Rehab, Amy Winehouse.
«Em.» Mi richiamò Seth per l'ennesima volta.
Sentivo il mio nome sussurrato più e più volte, ma io ero presa da altro, e non riuscivo a portare la mia attenzione su di lui.
«Cosa non può essere?» Continuò mentre io mantenevo lo sguardo sul corpo del ragazzo che stava venendo nella nostra direzione.
Lo abbassai non appena prese posto a qualche passo da noi — che adesso eravamo dietro il bancone a risciacquare e ad asciugare bicchieri.
Mi ero accorta che Seth si era arreso perché non sentii più la sua voce riecheggiare nella mia mente.

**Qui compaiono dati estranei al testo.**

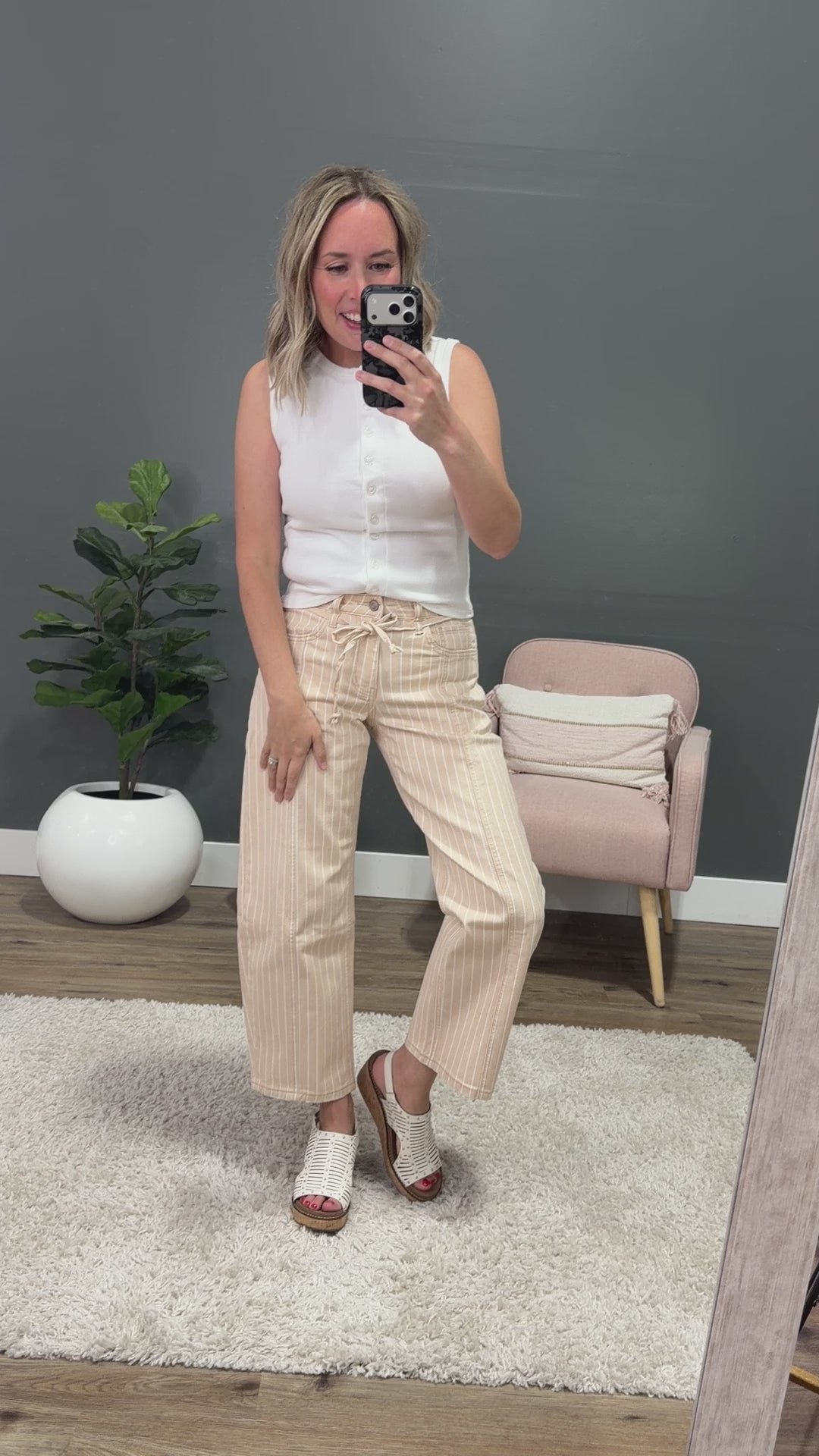 NEW! Lovervet Della Striped Barrel Jeans - Sand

Non sapevo se quel ragazzo si ricordasse di me e non ero neanche sicura che fosse lui, eppure in qualche modo quasi ci speravo.
Poggiò il cellulare sul bancone e fu così che notai la croce che aveva tatuata sulla mano. Mi piacevano le sue mani, dovevo ammetterlo.

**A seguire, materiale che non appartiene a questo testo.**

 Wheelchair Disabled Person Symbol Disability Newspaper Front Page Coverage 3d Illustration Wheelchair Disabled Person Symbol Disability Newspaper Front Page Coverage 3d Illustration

Osservai il suo profilo: dai lineamenti decisi della mascella al naso che sembrava essere privo di imperfezioni; fino a quegli occhi, il cui ricordo era ancora fresco nella mia mente.

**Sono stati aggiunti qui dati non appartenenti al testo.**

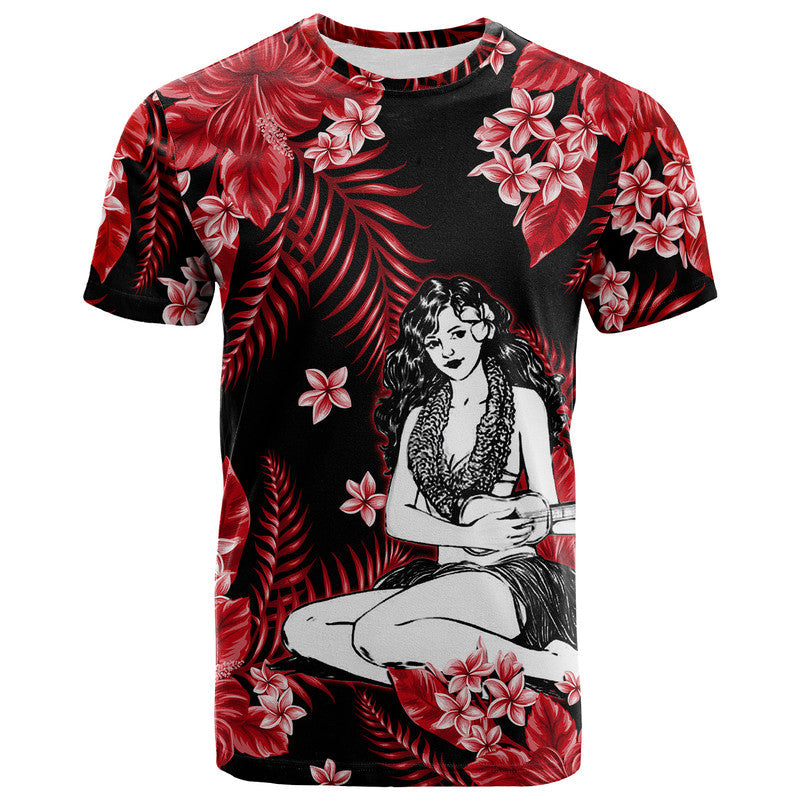 Hawaii Summer Colorful Hula Girl T Shirt Red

Senza neanche accorgemene stavo andando nella sua direzione.
Mi fermai proprio davanti a lui, che ora aveva il capo chino sul cellulare come se si trattasse di un qualsiasi cliente che ogni giorno passava in quel locale.
Accorgendosi della mia presenza sollevò lo sguardo che, quando intercettò il mio, mi permise di non avere più dubbi: era lui.
«Ciao.» Mi limitai a dirgli, cercando di non lasciar trasparire alcuna emozione dettata dall'intensità con cui mi stava guardando. Non sapevo neanche se si ricordasse di me.
«So cosa stai facendo» disse ad un tratto, e la sua voce era esattamente come la ricordavo, roca e incredibilmente profonda.
«Come, scusa?»
«Stai letteralmente scomparendo dalla voglia di sapere se mi ricordo di te.» Se ne uscì poi, e sul suo volto comparve un provocatorio sorriso malizioso.
«Non so di cosa tu stia parlando» gli risposi distogliendo lo sguardo dal suo e fingendo di non capire cosa mi stesse dicendo.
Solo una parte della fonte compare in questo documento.